Initially, to implement I-94 automation, CBP will begin to stop issuing paper I-94 cards in late April 2013 to travelers arriving by air and sea at certain Ports of Entry.  The initiative will be rolled out in phases by region, with the following key provisions: 

  • Week 1, beginning April 30, 2013, I-94 automation at airports will occur at Chicago O’Hare, Miami, Charlotte, Orlando and Las Vegas.
  • Week 2, beginning May 07, 2013, I-94 automation is expected at other major airports, including New York, Newark, Boston, Philadelphia, Baltimore/Washington, Detroit and Houston.
  • I-94 automation is expected to be phased into operations at West Coast airports and seaports—including Seattle, Portland, Los Angeles, San Francisco, Hawaii and Alaska— during the week of May 14, 2013.
  • At land border Ports of Entry in Canada and Mexico, temporary visitors and workers entering the United States, will continue to be issued paper I-94 cards until further notice. 
  • Individuals in a few select categories of admission, such as asylees and refugees, will continue to be issued paper I-94 cards no matter where they enter the United States. 

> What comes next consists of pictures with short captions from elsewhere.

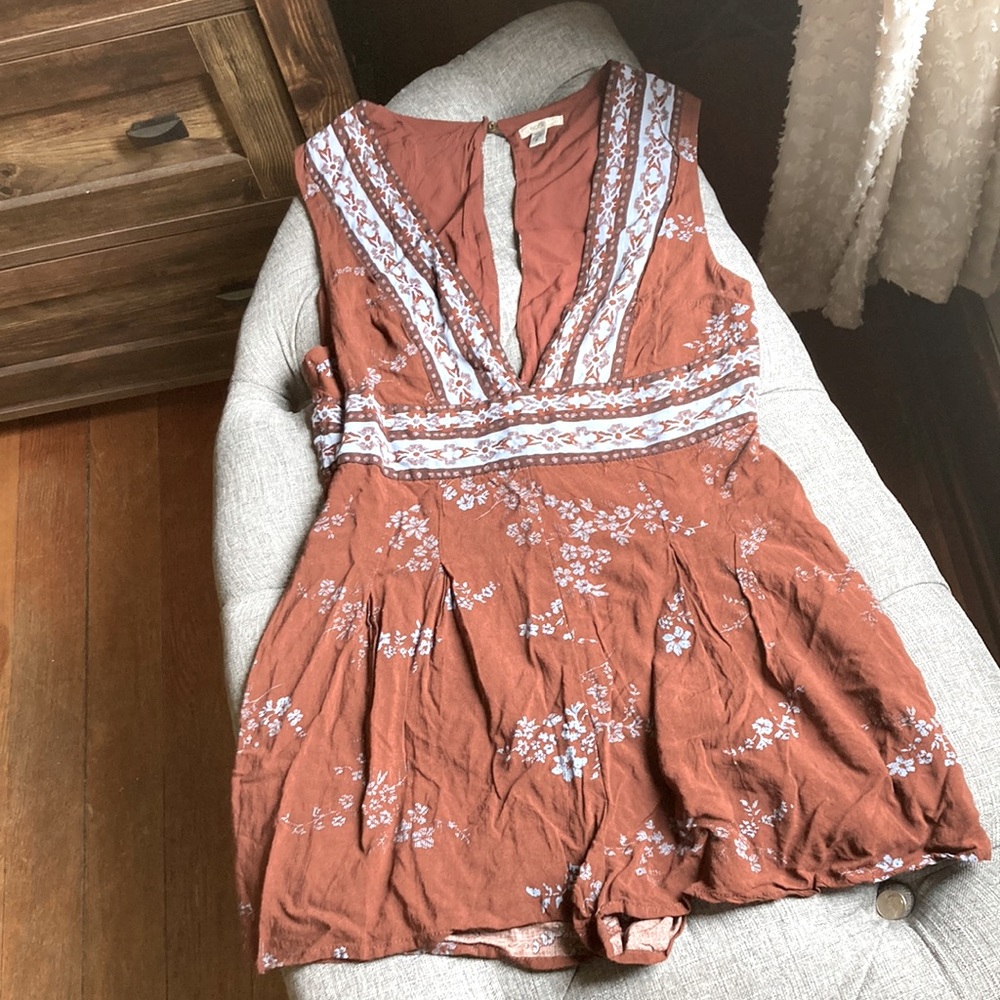 Super cute deep v neck romper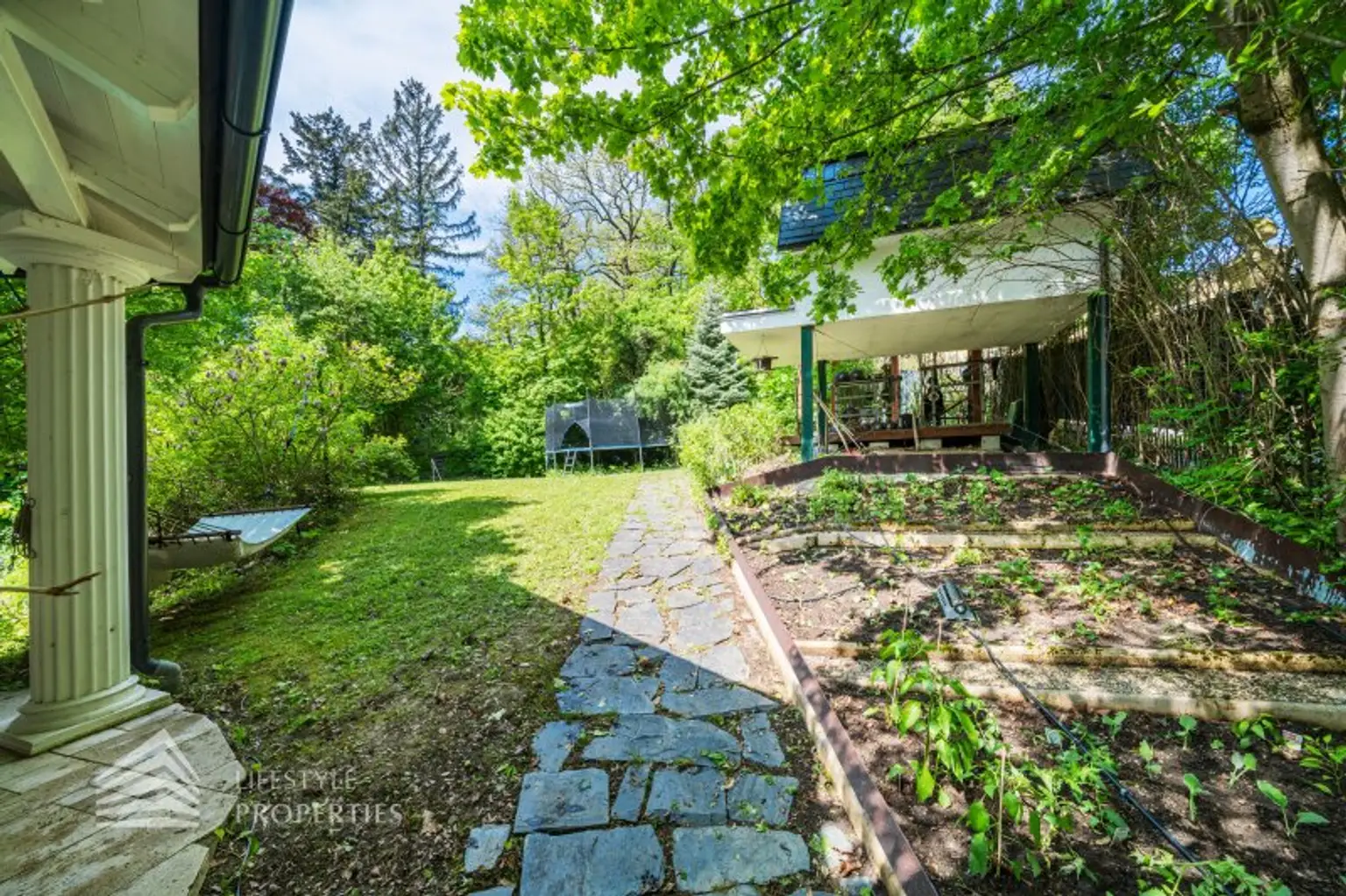 Luxuriöser 14- Zimmer Wohntraum mit Dachterrasse und Pool, Nähe Wilhelminenschloss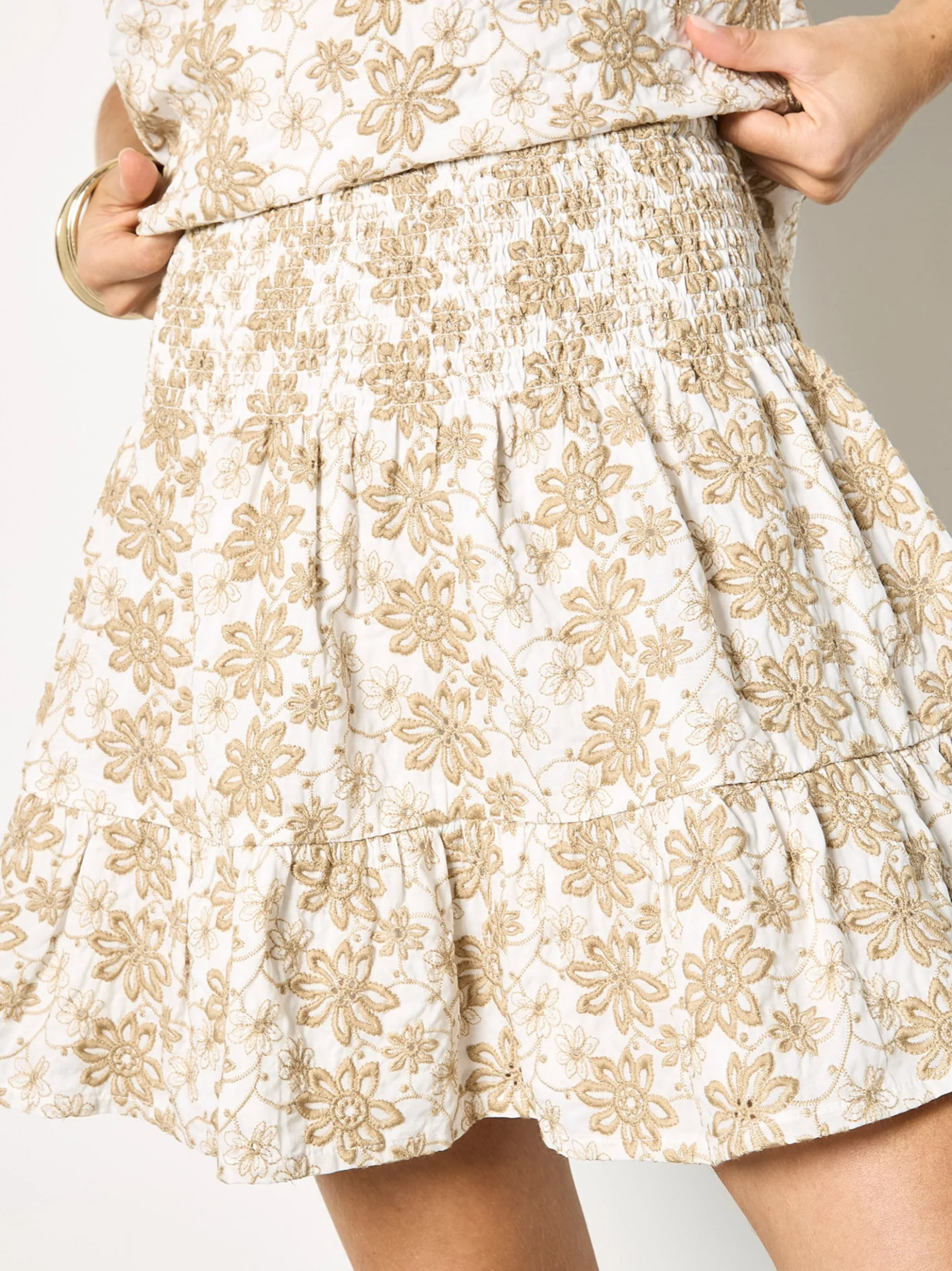 Apricot Damen Rock in beige weiß - Länge: kurz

This change stands to have a wide-ranging impact on both foreign nationals and U.S. businesses.  I-94 admissions records are critically important, as they prove foreign nationals’ authorized status and period of stay in the country, and are routinely relied on by federal, state and local government agencies to issue driver’s licenses, Social Security numbers and other documents needed for individuals to live and work in the United States.  In turn, these U.S. identity documents are often necessary to facilitate U.S. employment.

I-94 admissions records in the post-paper era will present new challenges and problems as glitches in the new data integration systems are exposed.  Accordingly, Human Resources professionals and foreign workers alike should become familiar with the I-94 elimination initiative to attempt to avoid common points of confusion.  Lane Powell has published a set of Questions and Answers  with more detailed information about I-94 automation and its impact on foreign nationals and U.S. businesses.  CBP has also published a press release and a fact sheet regarding this policy change on its website.